◆ Given data:
----

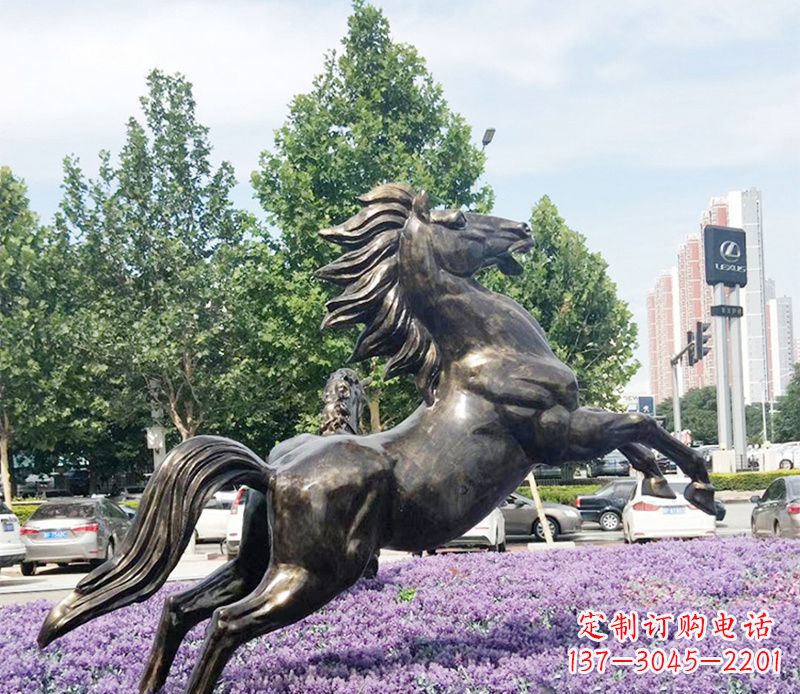 漳州公园奔马铜雕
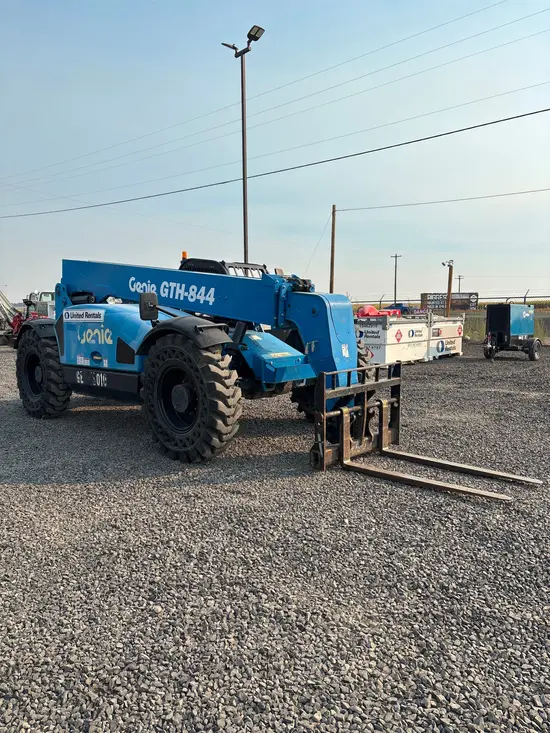 2018 Genie GTH-844 Forklift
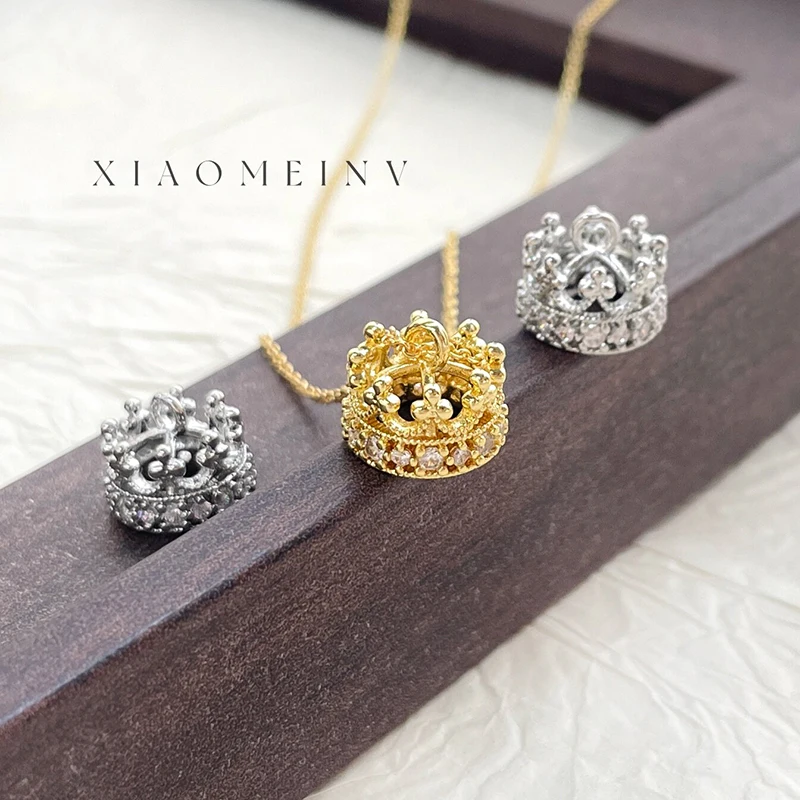 4pcs Copper Zirconium-inlaid Retro Court-style Hollowed-out Crown Pendant Pearl Hat DIY Jewelry Pearl Necklace Materials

----

Restate the data word for word while omitting each picture.

◆ Answer for the task:
 漳州公园奔马铜雕
 2018 Genie GTH-844 Forklift
 4pcs Copper Zirconium-inlaid Retro Court-style Hollowed-out Crown Pendant Pearl Hat DIY Jewelry Pearl Necklace Materials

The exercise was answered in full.